When Abby Gustaitis started playing club rugby as a college freshman at Maryland in 2010 — simply looking to meet new friends and explore a new sport — she had no idea there was a United States women’s national team.
The White Hall native, now 27, had a future in medicine laid out: She majored in physiology and neurobiology, took the Medical College Admission Test (MCAT) and was set to apply for medical school.
Instead, here she is, one of 12 players representing the U.S. at the 2018 Rugby World Cup Sevens, the three-day tournament set to start Friday at AT&T Park in San Francisco.
“Astonishing is a good word because I’m still shocked about it when I wake up every day,” said Gustaitis, who was a basketball standout at North Harford High. “I’m so lucky to get to do this full time. I get to do what I love and I don’t regret it at all. I would 100 percent do it all over again. It’s been a long journey and I’ve learned a lot along the road.”
At 5 feet 11, 175 pounds, Gustaitis loves the physicality of rugby and was instantly hooked on the sport and thrived.

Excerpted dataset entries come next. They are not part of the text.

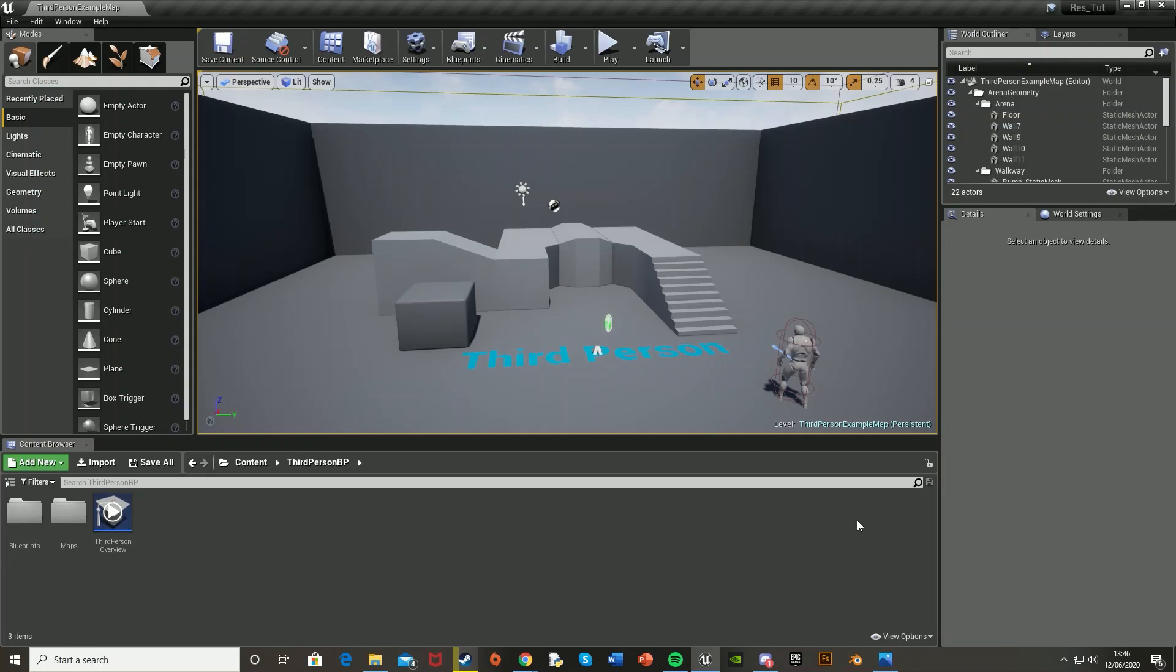Hey guys, welcome back to another Unreal Engine 4 tutorial. Today I'm going to be showing you how to set the screen resolution or change it in a shipped game.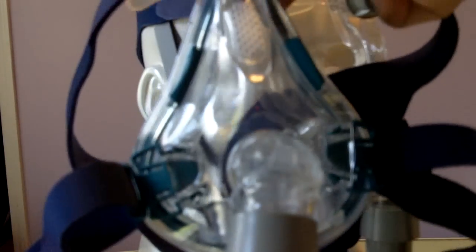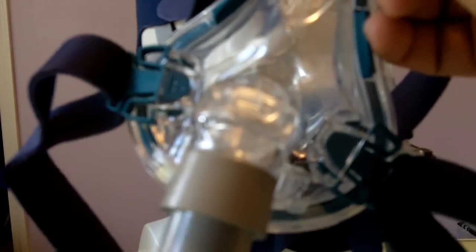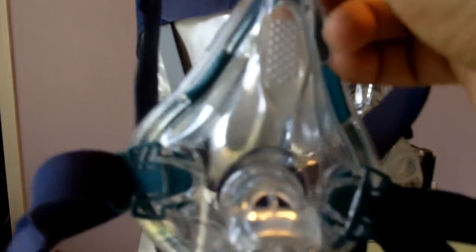Or even with a full face mask. There are many times we have used a chin strap with a CPAP full face mask.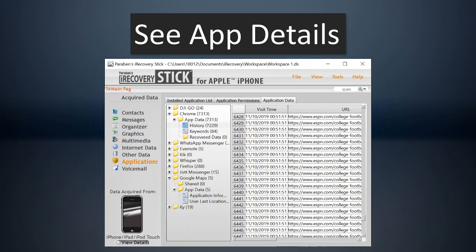Also, it'll actually show the app data for a lot of the mainstream apps. So it'll actually show things like call history, I'm sorry, the internet history from Chrome. It will show things like user locations in Google Maps, messages from different messaging apps. So a lot of user data can also be in these apps. And a lot of times users don't think to delete that data from all these different apps.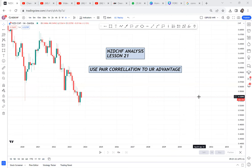Did you know you can use pair correlation to your advantage? This is lesson 21 and we are doing NSD/CHF analysis. I want to show you how you can do pair correlation to your advantage. My name is Esther Moffrey, I'm a trainer — I will train you in forex until you make those profits.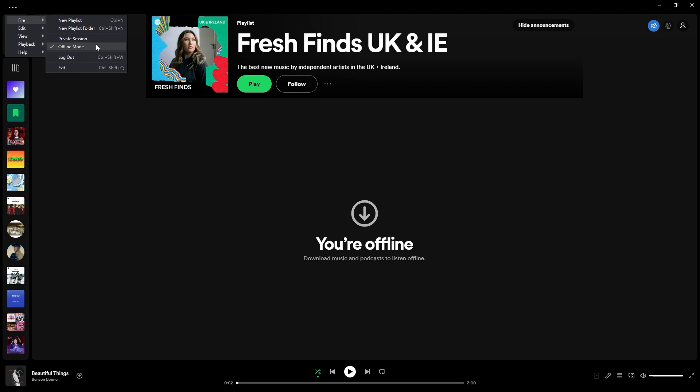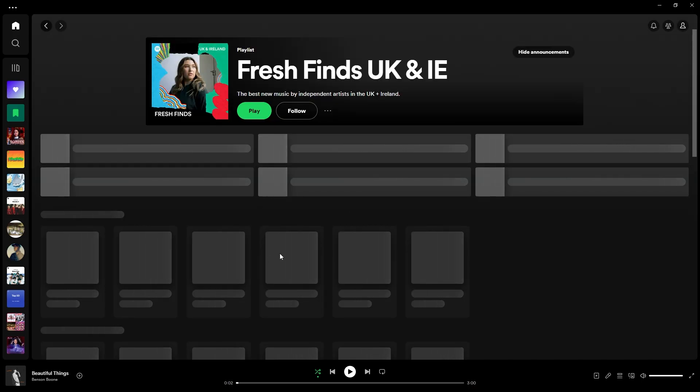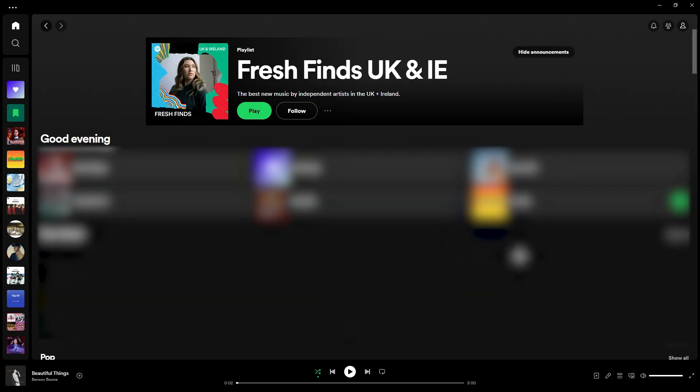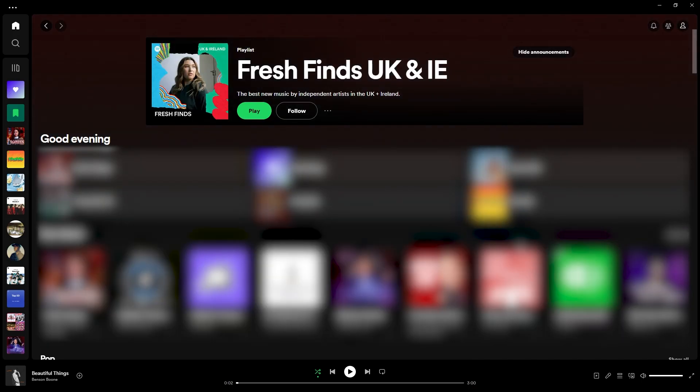As you can see, this is currently ticked, meaning that we are currently in offline mode. So if we go ahead and click on this, this will switch it off, and now we're able to go back into Spotify and connect once again via online. And there you go — I hope that you have found this tutorial useful. See you guys next time!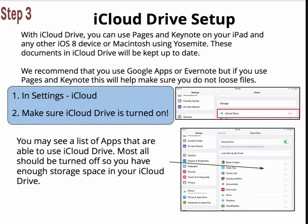In Settings, go to iCloud and make sure iCloud Drive is turned on. You may see a list of apps that are able to use iCloud Drive. Most should be turned off so you have enough storage space. There is no reason to be backing up, for instance, Google Drive to iCloud Drive — that's one cloud system backing up to another cloud system, which doesn't make much sense.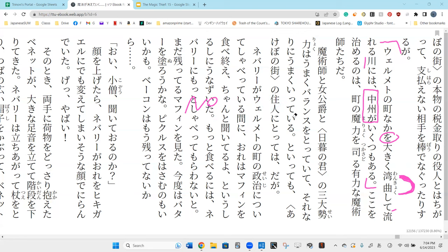So this verb was originally a noun and now has 'suru' added to make it a verb. It means the river does a large bend through the middle of town, and at the place where this river flows...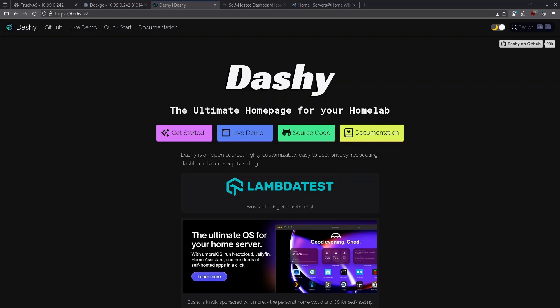Whether you're running a full homelab, managing docker containers, or just want a clean way to access everything you use every day, dashboards make it simple, fast, and totally customizable.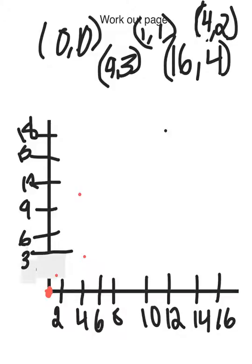Next, we're going to be graphing (9, 3). Over 9, up 3. And last but not least, (16, 4). So, come over 16, and up 4. Right about there.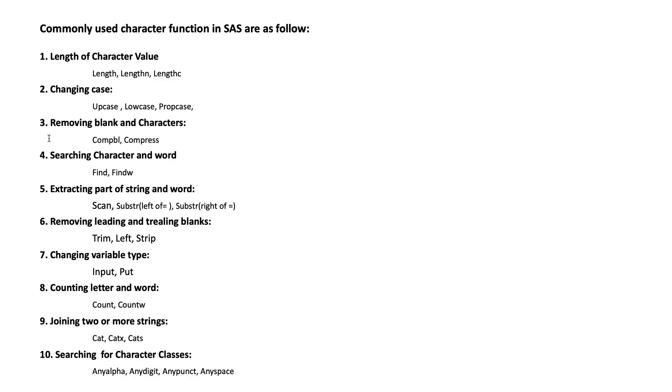Number four: searching character. To search character, we use FIND. To search word, we use FINDW.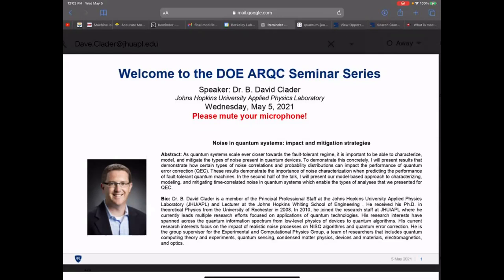Welcome everybody to the DOE ARC seminar series. Our speaker today is Dave Kleder from Johns Hopkins University Applied Physics Laboratory. David is one of the three leads of the ARC projects, and he's going to talk about noise in quantum systems: impact and mitigation strategies.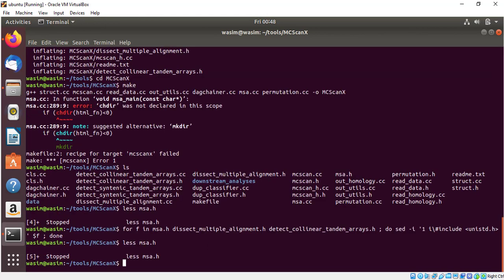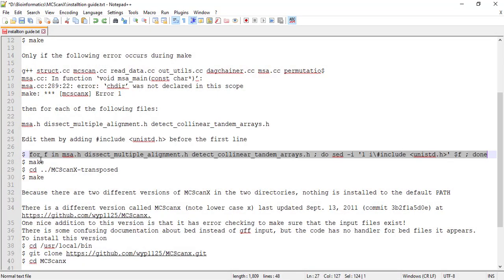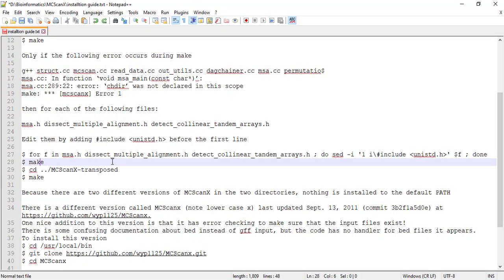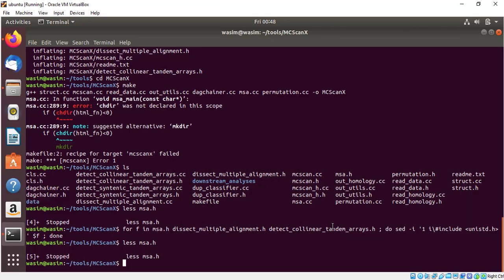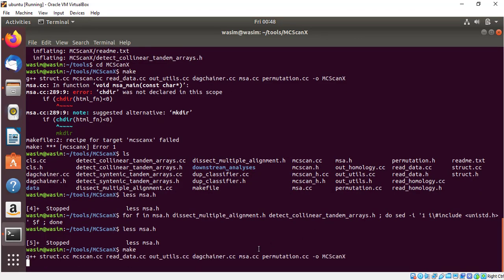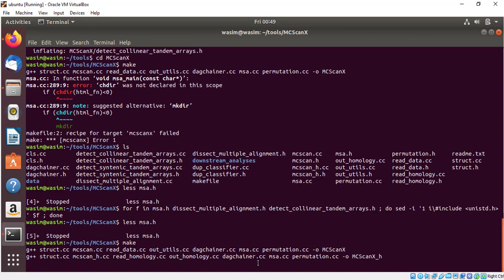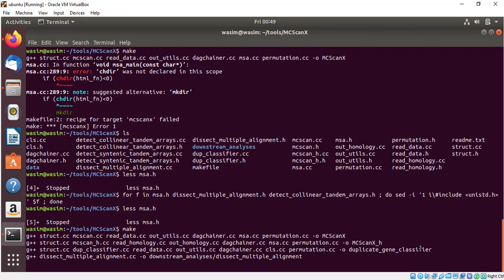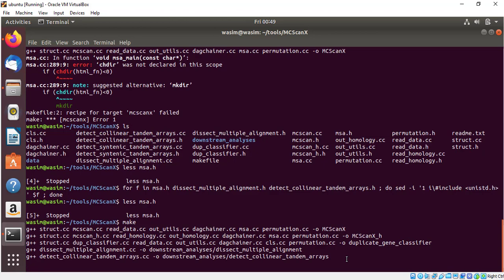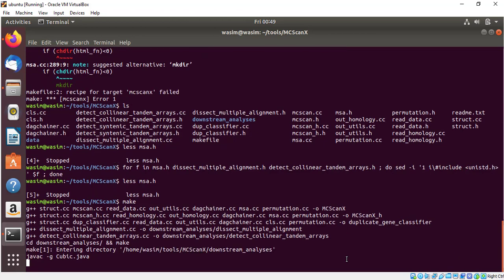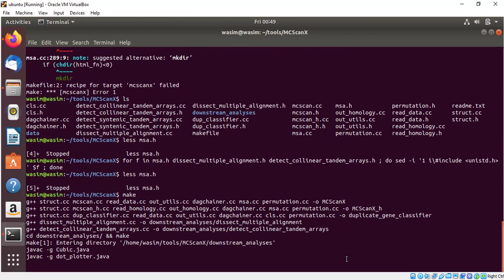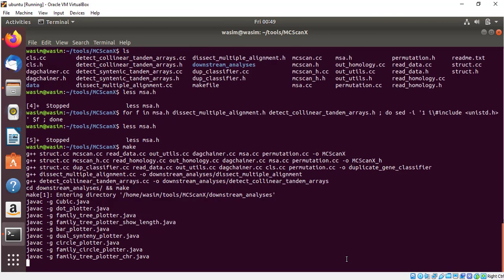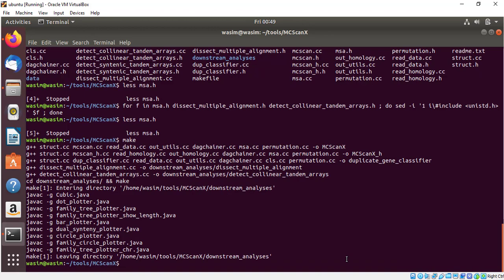Now again you will give the command make, click and wait for some time to install. This time you will see very different progress reports. Last time you can see you have seen some error, but this time it is working. Wait for this to finish. Now MCSCANX's installation is finished.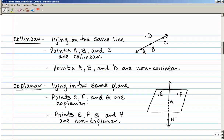Here are a couple more terms. Collinear means lying on the same line. Looking at this diagram, points A, B, and C are collinear because they all lie on that line. But points A, B, and D are non-collinear because I cannot draw one line that contains all three of those points.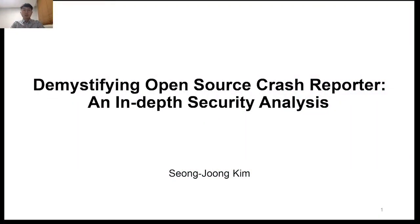Hello, I'm Sung Joon Kim from NSRI. In this talk, I will present the misdefying open-source crash reporter and its in-depth security analysis. First, I'll explain the rationale for the necessity of a crash reporter and its basic operation, then how it is applied to the open-source crash reporter for Linux. Lastly, I will show several security flaws found in the project.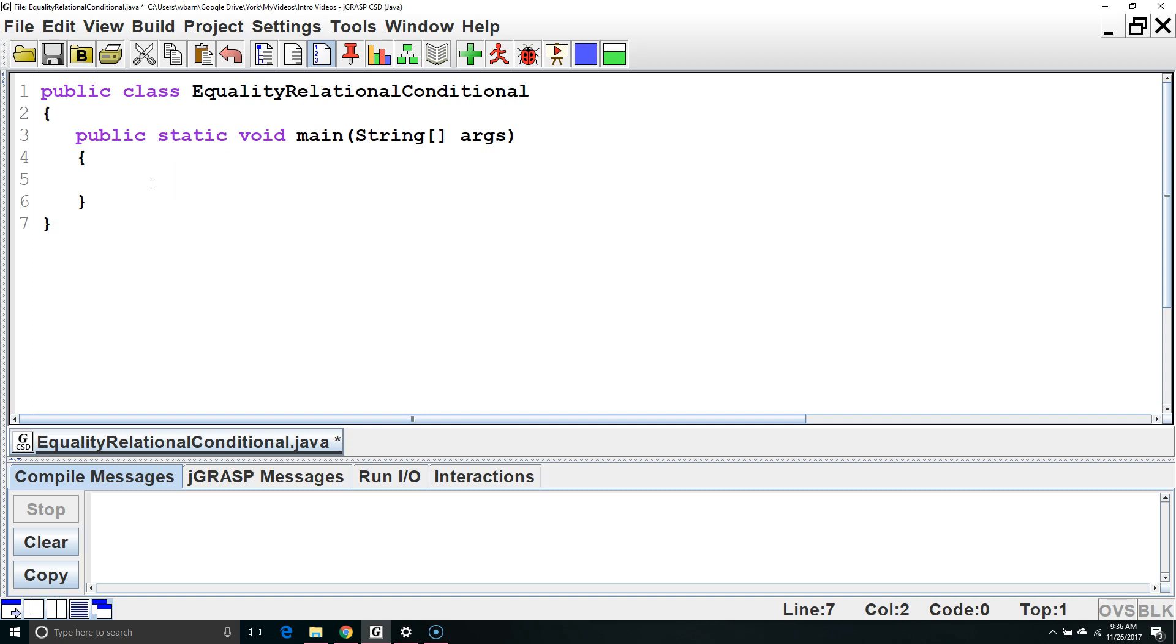Hello. In this Java tutorial, we are going to learn about Boolean expressions and how to use them with equality, relational, and conditional operators. First, let's discuss what a Boolean expression is.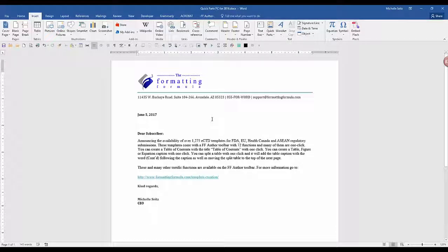Here's a final tip. When you close Word, you will get a message asking you if you want to save the changes to the building block. Select Yes if you want these Quick Parts functions available next time you open Word.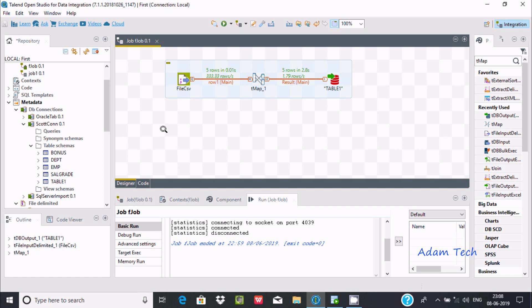Hi guys, in this video I'm going to discuss how to truncate a target table in Talend Open Data Integration. In my last video, I discussed how to create a new job.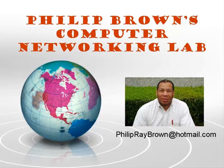Hello and welcome to Philip Brown's Computer Networking Lab. You're watching the instructional video called WINS Configuration.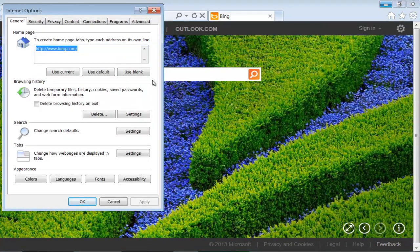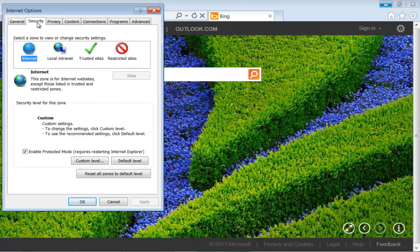As a result, the Internet Options window will appear. Go to the Security tab and uncheck the option titled Enable Protected Mode.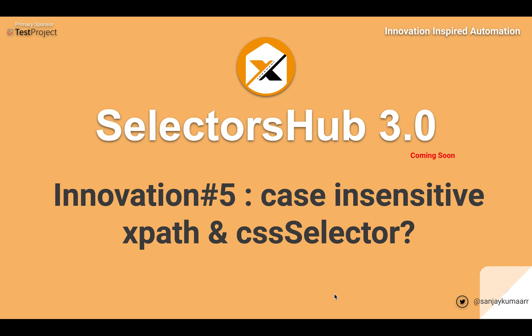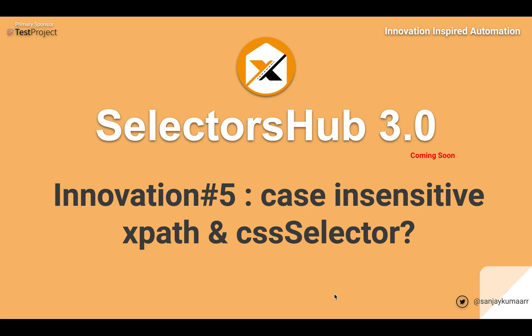Hi friends, this is Sanjay Kumar, creator of Selectors Hub. Writing case insensitive selectors - yes, many of you might not have ever heard about case insensitive selectors, like we can write case insensitive XPath and CSS selectors.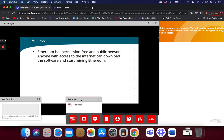Ethereum is basically permission-free — anyone can join. If you have an internet connection, you can download the software and start mining Ethereum. You can join the network with no real barrier to entry. With Hyperledger, my barrier to entry is very different — if you want to join my Hyperledger, I have to specifically grant you access.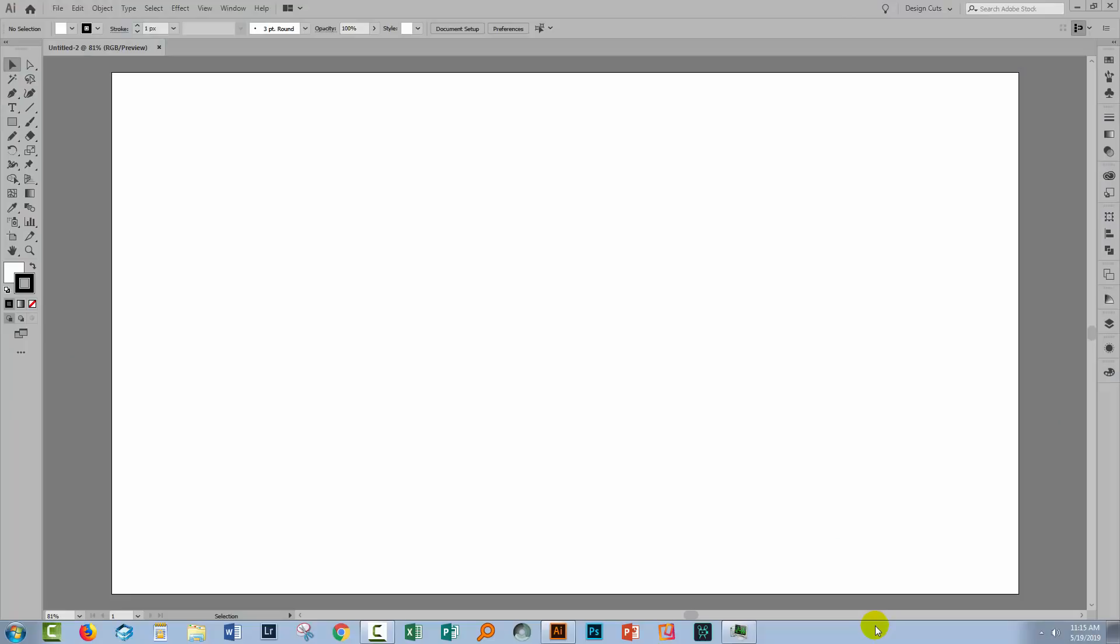Hello and welcome to this video tutorial. Today we're looking at using Illustrator brushes without a Wacom tablet.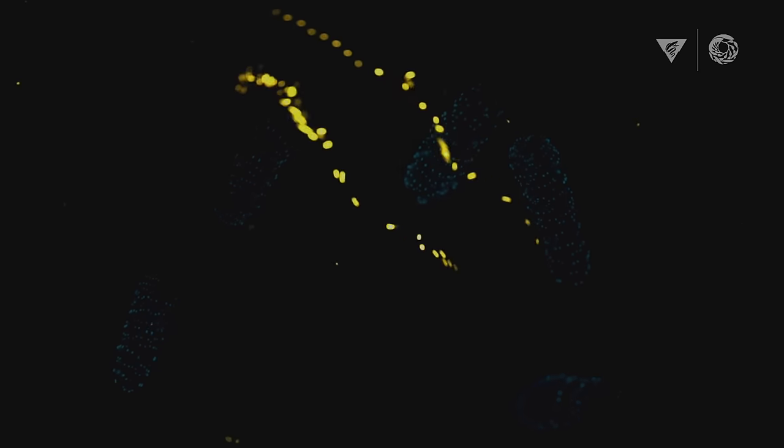The deep sea is actually full of light, but the light is not sunlight coming down from the surface. It's light that is produced by a wide variety of animals that live there.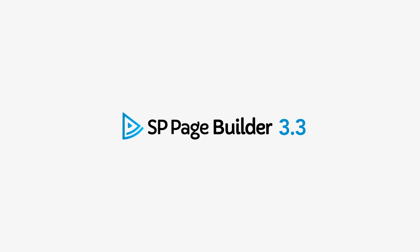Say hello to SP Page Builder 3.3, the shiny new version of your beloved Joomla site building tool.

After college graduation, she joined the Northern Virginia Women’s Rugby Club and got her first taste at the national level when she was invited to serve as a resident at the Olympic Training Center in Chula Vista, Calif., in 2015. Rugby has taken her to France, Australia and Canada, and she made her World Rugby Women’s Seven Series debut at the 2017 Dubai Sevens Tournament.
On July 10, she learned she earned a roster spot, playing the prop position, to compete in the World Cup Sevens. Contested every four years and in its third edition on the women’s side, the tournament is considered the premier international competition outside of the Olympics. The U.S., which took third place in the first two tournaments, will be hosting for the first time.
“It’s incredible, super exciting [to have made the team], especially to play here at home,” said Gustaitis, who will have her parents and some high school friends in the stands. “I know that not too many people know much about rugby, so we’re trying to get the word out.”
The U.S. opens against China at 3:30 p.m. Friday in the 16-team tournament. Gustaitis gets the word out with much the same vigor she plays it.
“It’s a 14-minute game of speed, finesse, contact,” she said. “It’s a running clock – 7-v-7 on a full soccer pitch essentially, so it all comes down to fitness, physicality and speed. It’s just a blast to watch because there’s no dead ball. It’s a sport like no other.”
Playing the prop position, her biggest value comes on kickoffs. Unlike American football, the goal is not to pin the opposing team deep in its own end, but to try to keep possession with the ball only needing to travel ten meters. As an aerial specialist, Gustaitis does whatever it takes to get the ball back for the Women’s Eagles.
“Abby has definitely stepped up as one of our leaders on the team,” coach Richie Walker said. “She’s really grown from the time she started with our program until now and has a great attitude both on and off the field. She definitely inspires her teammates with her actions on the field, her voice is very encouraging.”
Back in her days at Maryland, she said, it was the people she met and the camaraderie she enjoyed that kept her interested in playing rugby.
She sees the same kind of bond playing on the national team and believes that will be the key to winning this weekend’s tournament. With her parents, high school friends and others who she’s played rugby with over the years watching, how cool would it be to win?
“It would be so incredible. It’s what we’ve been working toward all year,” she said. “I think it all comes down to our connection — just staying together and focusing on our own style of play. With the ball in hand, our team is unstoppable.
“We have incredible athletes and if we’re all laughing and smiling as we enter the tunnel, the good vibes will come onto the pitch. We’re all so passionate about the sport and when that comes out on the field, everyone is on top of their game.”